Australia's major banks take financial hit as market intensifies

17 November 2019 Consultancy.com.au

Australia’s major banks have had a tough year relative to the overall banking sector, with a substantial decline in cash profits and a falling share of the mortgage market, according to a new KPMG report. The firm attributes the declines to a combination of regulatory and international pressure.

The four major banks – Commonwealth Bank of Australia (CBA), Westpac Banking Corporation (WBC), Australia & New Zealand Banking Group (ANZ) and National Australia Bank (NAB) – dominate the country’s banking sector, drawing the lion’s share of clients and revenues.

Known as the Big Four, the banks are so large and important to the economy that they consistently rank are among Australia’s most valuable brands. However, much like the banking sector across the globe, these banks have come under pressure from various directions recently, including regulators, society, and rivals such as BigTechs and FinTechs.

Australia's major banks take financial hit as market intensifies

The continued growth of what KPMG terms the ‘regulatory and compliance burden’ is one factor driving up costs for banks. Areas of regulatory pressure include a tightening of data management standards across the globe, rules for know your customer and anti-money laundering, and responsible lending, among others.

Disruption from a growing financial technology (FinTech) market is also having a strong impact on major banks, forcing them to ramp up their investment in technology to tackle competition from smaller, more tech-savvy and agile players.

According to KPMG’s review, the financials of the Big Four have declined in a number of key areas. Operating income for instance fell by nearly 4% last year to reach a value of $81.3 billion, while cash profit after tax registered an even more severe decline of nearly 8%. Yet, the banks remained (highly?) profitable, with profits for the Big Four standing at just under $27 billion.
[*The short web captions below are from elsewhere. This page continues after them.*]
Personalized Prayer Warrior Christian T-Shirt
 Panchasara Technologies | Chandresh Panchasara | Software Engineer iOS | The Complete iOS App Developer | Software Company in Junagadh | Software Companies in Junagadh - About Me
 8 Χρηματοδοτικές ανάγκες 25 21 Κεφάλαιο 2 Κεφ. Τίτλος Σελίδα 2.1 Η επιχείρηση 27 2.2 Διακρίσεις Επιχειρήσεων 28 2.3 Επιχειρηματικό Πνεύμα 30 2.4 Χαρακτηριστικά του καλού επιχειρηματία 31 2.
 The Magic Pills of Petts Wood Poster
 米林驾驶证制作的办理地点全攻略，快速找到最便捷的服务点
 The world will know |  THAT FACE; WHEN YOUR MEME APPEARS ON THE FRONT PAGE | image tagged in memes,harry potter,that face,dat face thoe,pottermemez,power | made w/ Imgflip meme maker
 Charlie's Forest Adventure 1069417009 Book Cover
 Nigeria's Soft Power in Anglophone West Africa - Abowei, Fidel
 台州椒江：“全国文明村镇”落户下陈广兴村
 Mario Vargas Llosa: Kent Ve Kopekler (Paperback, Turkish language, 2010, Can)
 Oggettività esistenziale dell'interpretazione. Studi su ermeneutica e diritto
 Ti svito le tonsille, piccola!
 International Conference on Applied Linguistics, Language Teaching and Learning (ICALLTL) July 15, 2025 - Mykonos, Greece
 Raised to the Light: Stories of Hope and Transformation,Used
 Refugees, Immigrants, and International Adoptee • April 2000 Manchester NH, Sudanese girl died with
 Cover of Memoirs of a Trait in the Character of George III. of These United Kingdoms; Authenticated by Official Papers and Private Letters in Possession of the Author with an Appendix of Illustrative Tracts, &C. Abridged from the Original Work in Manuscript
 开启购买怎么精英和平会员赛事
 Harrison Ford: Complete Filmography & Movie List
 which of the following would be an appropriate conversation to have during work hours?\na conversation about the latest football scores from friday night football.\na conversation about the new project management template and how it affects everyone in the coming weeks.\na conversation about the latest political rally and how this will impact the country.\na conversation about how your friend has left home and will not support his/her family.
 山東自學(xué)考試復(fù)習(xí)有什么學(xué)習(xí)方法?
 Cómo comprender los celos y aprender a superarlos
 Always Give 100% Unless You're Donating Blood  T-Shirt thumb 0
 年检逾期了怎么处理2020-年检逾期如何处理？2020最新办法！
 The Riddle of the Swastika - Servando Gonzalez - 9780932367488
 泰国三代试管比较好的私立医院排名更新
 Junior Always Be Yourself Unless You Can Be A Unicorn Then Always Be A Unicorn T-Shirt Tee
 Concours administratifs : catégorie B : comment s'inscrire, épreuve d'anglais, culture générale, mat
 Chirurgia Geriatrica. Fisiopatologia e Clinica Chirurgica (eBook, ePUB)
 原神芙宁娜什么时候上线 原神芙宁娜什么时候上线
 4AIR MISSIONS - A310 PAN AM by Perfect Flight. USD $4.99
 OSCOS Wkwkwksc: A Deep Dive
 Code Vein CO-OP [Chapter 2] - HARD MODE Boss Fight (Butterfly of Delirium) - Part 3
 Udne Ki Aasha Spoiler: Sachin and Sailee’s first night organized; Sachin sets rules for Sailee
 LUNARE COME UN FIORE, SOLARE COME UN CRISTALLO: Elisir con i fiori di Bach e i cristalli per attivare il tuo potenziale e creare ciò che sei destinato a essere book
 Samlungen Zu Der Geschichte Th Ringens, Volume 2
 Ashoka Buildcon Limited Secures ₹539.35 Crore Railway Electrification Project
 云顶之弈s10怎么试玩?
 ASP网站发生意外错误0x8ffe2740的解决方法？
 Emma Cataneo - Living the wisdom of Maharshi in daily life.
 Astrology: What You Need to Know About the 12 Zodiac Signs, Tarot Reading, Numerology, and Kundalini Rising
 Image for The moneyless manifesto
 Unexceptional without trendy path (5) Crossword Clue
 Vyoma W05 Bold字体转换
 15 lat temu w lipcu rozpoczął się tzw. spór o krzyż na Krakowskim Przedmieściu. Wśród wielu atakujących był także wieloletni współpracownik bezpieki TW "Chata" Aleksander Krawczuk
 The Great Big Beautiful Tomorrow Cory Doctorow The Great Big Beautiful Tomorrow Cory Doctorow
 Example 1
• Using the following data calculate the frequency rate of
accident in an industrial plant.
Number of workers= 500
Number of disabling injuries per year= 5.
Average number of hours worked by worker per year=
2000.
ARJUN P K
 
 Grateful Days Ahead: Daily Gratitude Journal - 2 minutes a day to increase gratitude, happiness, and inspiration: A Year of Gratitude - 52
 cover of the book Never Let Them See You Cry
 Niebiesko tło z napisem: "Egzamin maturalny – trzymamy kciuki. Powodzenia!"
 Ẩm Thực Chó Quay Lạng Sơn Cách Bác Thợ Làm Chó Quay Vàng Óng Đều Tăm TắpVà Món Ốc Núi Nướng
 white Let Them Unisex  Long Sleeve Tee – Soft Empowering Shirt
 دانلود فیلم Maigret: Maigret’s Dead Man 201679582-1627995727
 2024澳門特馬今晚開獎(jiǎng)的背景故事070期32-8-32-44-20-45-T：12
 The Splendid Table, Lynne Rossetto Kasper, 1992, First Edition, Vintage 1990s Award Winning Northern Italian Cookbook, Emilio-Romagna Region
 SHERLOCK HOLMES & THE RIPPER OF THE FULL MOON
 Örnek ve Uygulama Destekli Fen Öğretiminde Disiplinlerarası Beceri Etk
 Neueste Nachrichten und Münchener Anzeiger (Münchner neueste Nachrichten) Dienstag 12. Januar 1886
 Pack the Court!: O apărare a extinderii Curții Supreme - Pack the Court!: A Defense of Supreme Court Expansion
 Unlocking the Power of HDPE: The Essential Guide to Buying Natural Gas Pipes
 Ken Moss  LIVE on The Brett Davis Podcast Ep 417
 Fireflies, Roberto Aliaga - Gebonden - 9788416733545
Australia's major banks take financial hit as market intensifies

Increased competition from new entrants in the lending segment – insurance companies, pension funds and alternative lenders – is manifesting itself in the mortgage landscape. While mortgage incomes for major banks grew by 1.8% over the last year, the overall mortgage market grew by 3.1%, representing a fall in the mortgage market share for major banks.

The profit squeeze and rising costs have driven major banks into damage control mode. “The majors continue to have a focus on costs, simplifying their business models and investing in process and productivity improvements,” states the report.

A big part of this simplification process has been staff cuts. Reports emerged earlier this year that CBA was looking to cut as many as 10,000 jobs and around $2 billion in costs. Global management consultancy McKinsey & Company was drafted to support this process. Similarly, ANZ, NAB and Westpac all are in the process of rolling out major cost-cutting programmes within their ranks.

Australia's major banks take financial hit as market intensifies

As major banks look to tackle a sea of challenges, they have been turning to the professional services industry for support. Over the last decade, Australia’s major banks have splashed more than $1 billion in fees on the Big Four accounting and advisory firms – Deloitte, EY, KPMG and PwC – for various projects. 

This trend is likely to persist as major banks continue to navigate a challenging period. Hessel Verbeek, a partner in KPMG’s Strategy practice with a focus on the banking sector, said: “Profits are down significantly as a result of shrinking margins in a low interest rate environment and higher costs, including refunds to customers, in the aftermath of the Royal Commission.”

The “Royal Commission” Verbeek refers to is the Royal Commission into Misconduct in the Banking, Superannuation and Financial Services Industry of 2017, which revealed a plethora of malpractice instances in the Australian banking sector, resulting in several fines and payouts.

Going ahead, KPMG recommends a focus on customer service and experience to maintain a competitive edge in a market that is increasingly digital and uniform. The contemporary customer prioritises convenience, efficiency and transparency, which banks must work to deliver.